In theory, older people and people with higher levels of education should be more financially stable and find it easier to afford their homes. New research from the University of Iowa suggests that’s not the case.
Jerry Anthony, associate professor in the UI School of Urban and Regional Planning, examined data collected by the Consumer Bankruptcy Project at Harvard University of households from across the United States that filed for bankruptcy in 2007. He assessed the “housing-cost burden” —the ratio of housing costs to income—of families trying to save their homes from foreclosure, looking at factors such as age, income, race, and marital status to see who was hit hardest and why.
Since the late 1980s, financial experts have considered up to 30 percent of income an affordable housing-cost ratio; households that spend more on housing expenses are considered housing-cost burdened.
Anthony found that nearly half of the bankrupt homeowners had exceeded the 30 percent rule of thumb.
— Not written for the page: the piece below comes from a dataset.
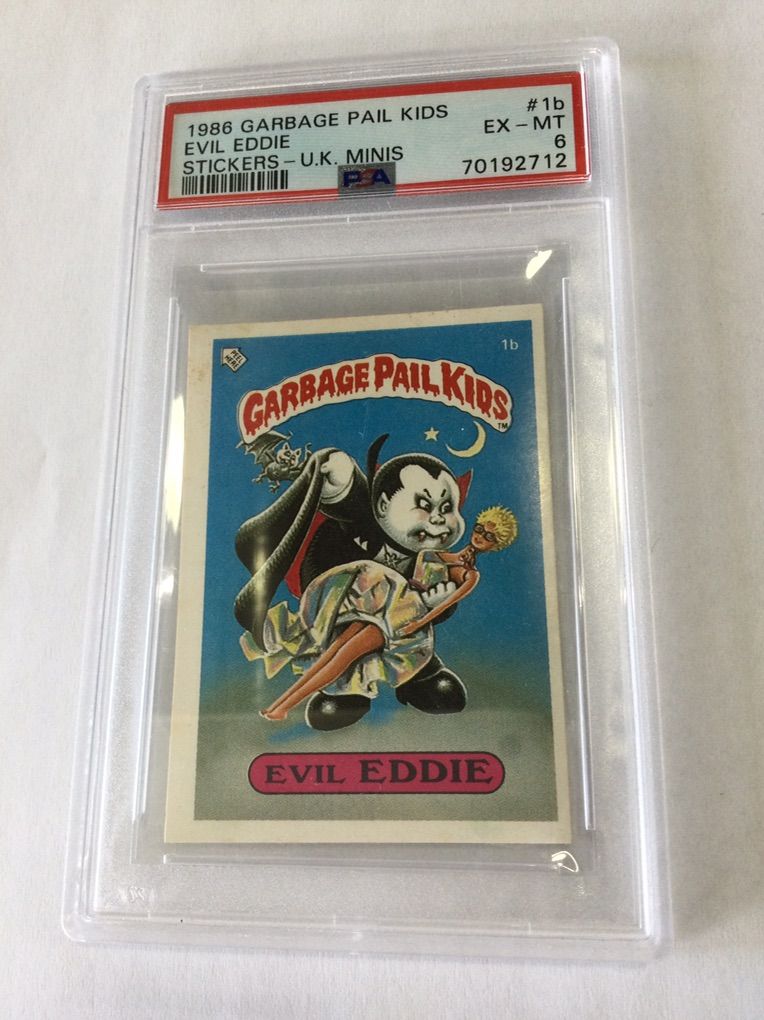Garbage Pail Kids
Three-fourths experienced at least a 30-percent jump in housing-cost burden in the months before bankruptcy filing—often because they took on home-equity loans, missed payments, and ultimately watched the situation snowball into bankruptcy.
“Financial literacy in the U.S. was at an all-time low before 2007-08,” Anthony said. “Banks and mortgage companies had been down playing the risk of borrowing too much, saying that the more you borrow, the more prosperous you will be. They convinced people that their house was an ATM, and the equity in the house was for their spending pleasure. The public has got to be smarter than that.”
Older homeowners hit harder
One might assume that older people would be less burdened by housing expenses. With their mortgage payment remaining unchanged while their income generally increased, the house should be paid off, or close to it. Anthony found evidence to the contrary. Homeowners 65 or older showed a higher chance of being “housebroke” than those 40 or younger.
Anthony attributes the finding partly to a growing trend among middle-aged and older adults to be in more debt than previous generations. He also blames predatory lending — aggressive marketing by lenders to older people, who took out second mortgages and lacked the income to pay off home equity loans.
“During the run up to the housing crisis, in the early 2000s, mortgage companies targeted people with equity in their homes, enticing them to borrow with statements like, ‘This is a great time to tap into your equity to buy that boat or take that around-the-world cruise you’ve always wanted to go on,’” Anthony said.
That person may have their house paid off, but has limited income as a retiree — perhaps living off of a pension and Social Security checks. While the monthly payment on the equity loan might only run $200, unexpected expenses like medical bills could throw things off. A couple of missed payments balloon due to late fees and interest charges, and the retirees are in deep financial trouble.
“For $200 a month, they lost their home that they had paid on for 30 years,” Anthony said. “It’s tragic. They worked hard, they had solid jobs, and they achieved the American dream. But the American dream became the American nightmare.”
Too smart for their own good
More education is usually associated with better financial outcomes, but Anthony found that households with less education were better off — at least in terms of keeping housing costs reasonable.
Comparing households with two or less years of college to those with four or more years, Anthony found that the group with less education was half as likely to exceed the 30 percent ratio.
Anthony says homeowners with more education outsmart themselves. They consolidate other debt, like credit card balances, into the mortgage loan because the interest rate is lower, and the interest can be deducted on income tax returns.
The down side is that move increases their housing cost ratio.
“They put all of their eggs in one basket by securing all of their loans with their house,” Anthony said. “They didn’t think that if they miss a few credit card payments, the credit card company won’t come after their house. But if they miss a few mortgage payments, the mortgage lender will,” Anthony said.